その間にプラットフォームの進化や、サクシードとのエクステリアの共通化、ハイブリッドの追加などなど様々な歴史を持つことになったが、商用車としての基本の扱いやすさはピカイチ。だからこそ、ここまで生き続け、そして他の追随を許さなかったのだと思う。全幅1690mm、全長4245mm、最小回転半径4.9mというコンパクトさも、未だ狭い路地の残る日本では有難いところだ。
そのデザインは、まさにものを運ぶ仕事のための車。四角い実用一点張りの車でありながらも、角を削ったようなちょっとした洒落具合が20年経過した現代でもあまり違和感とならない。

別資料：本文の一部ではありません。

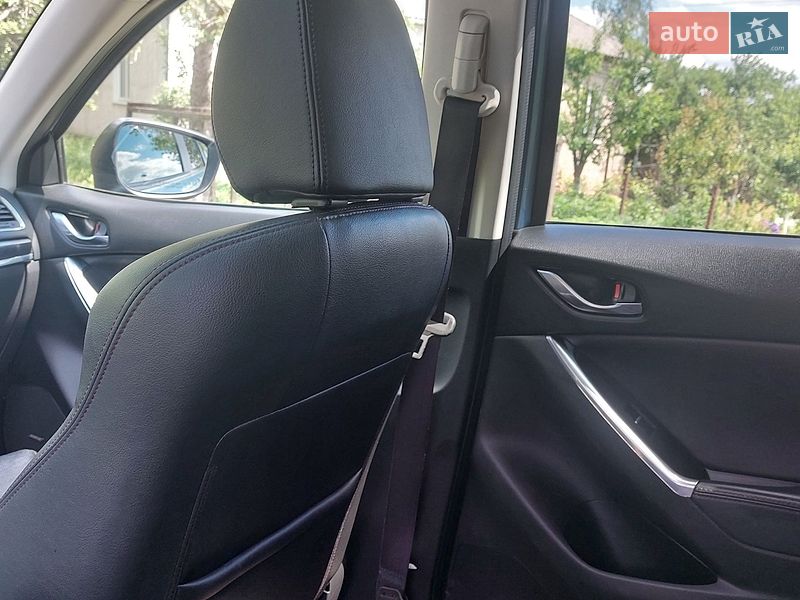 Внедорожник / Кроссовер Mazda CX-5 2016 в Александрие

実用車であっても、その時代のトレンドに迎合しすぎたり、変にスポーティさを印象づけようとしたりすると、時代経過のなかで古さはどんどん強調されていってしまうもの。しかし、まず実用ありきで使いやすさを追求したところが、古さを感じさせない第一の理由になっている。逆に考えるならば、使いやすいならば、敢えて変える必要はない、その理論によってここまで多くのユーザーから愛されてきたのだ。

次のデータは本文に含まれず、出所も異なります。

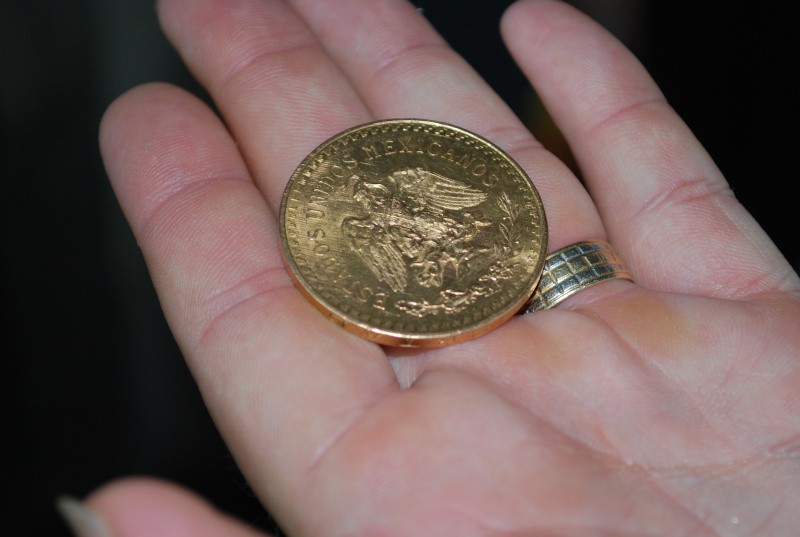 Monede de aur ridicate de la evazionişti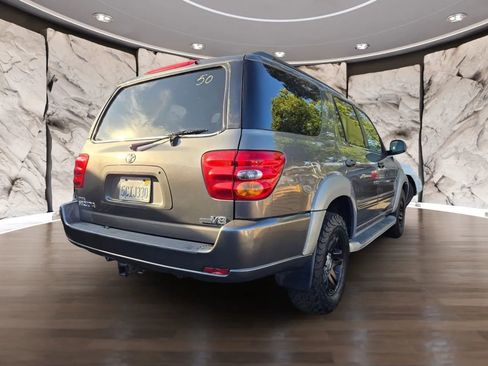Used 2003 Toyota Sequoia SR5 image 7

そしてこのプロボックス、昨年2021年12月に車種整理などが行われた。最もベーシックなDXというグレードがなくなり、GXグレードが新設。これによってグレードはG(ガソリン仕様 1.3L/1.5L)、GX(ハイブリッド仕様)、GL(ハイブリッド仕様)、F(ガソリン仕様 1.5L)、F(ハイブリッド仕様)の5つのバリエーションとなった。価格はガソリン仕様の最もベーシックなGで149.1万円(税込)、ハイブリッド仕様では179万円(税込)と魅力的。よりハイブリッドに力を入れたラインナップとなっている。
ところでこの新しいプロボックスのグレードを外観から見分ける方法をご存知だろうか。ポイントは2点。ホイールキャップ、ドアサッシのブラックアウトかドアハンドル等のブラックアウト化か、ということだ。

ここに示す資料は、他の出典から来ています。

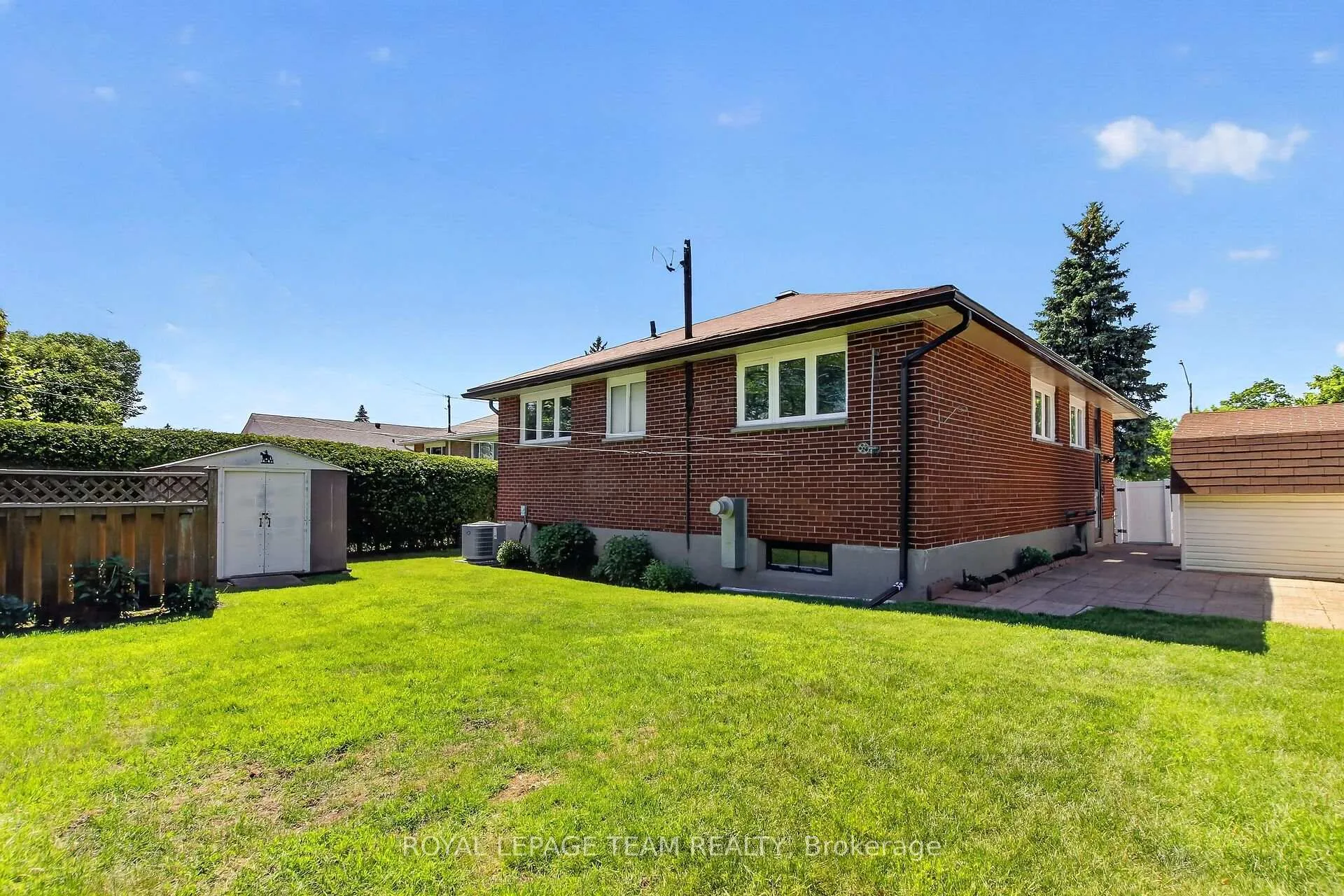 Photo 6 of 2390 Cheshire Road, Ottawa, Parkway Park — HOMEH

ホイールキャップを装備すれば最上級のF。このモデルと次のグレードのGLはサッシをブラックアウト化している。なので、ホイールキャップを付けずにサッシがブラックならば、GLということになる。そしてホイールキャップがなく、サッシをボディ同色とするのが、その下のGXとG。この2グレードは、ドアハンドル、サイドミラー、バックドアガーニッシュがブラックとなる。ただしGXはハイブリッドのみなので、ハイブリッドの表示がなければGだとわかる。
そして何より嬉しいのが、どのグレードもリヤシートを倒すと床面がフラットになること。それも最上級のFには座面などの厚いシートが採用され、座面を持ち上げるダブルフォールディング式を採用するので、後席の快適性までにも配慮されている。また、座面は外すこともでき荷室の最大長を稼ぐこともできる。さらにこのシートは、その他グレードにもメーカーオプションとなっているので、希望すれば最もベーシックなGでも、このシートを選ぶことができるのだ。
まだまだ、ユーザーに優しいプロボックスだが、不思議なのはこの車を超えるモデルが出てきていないこと。20年も経過してもプロボックスの価値は不動なのが、いいのか悪いのか、ちょっと考えてしまうのだ。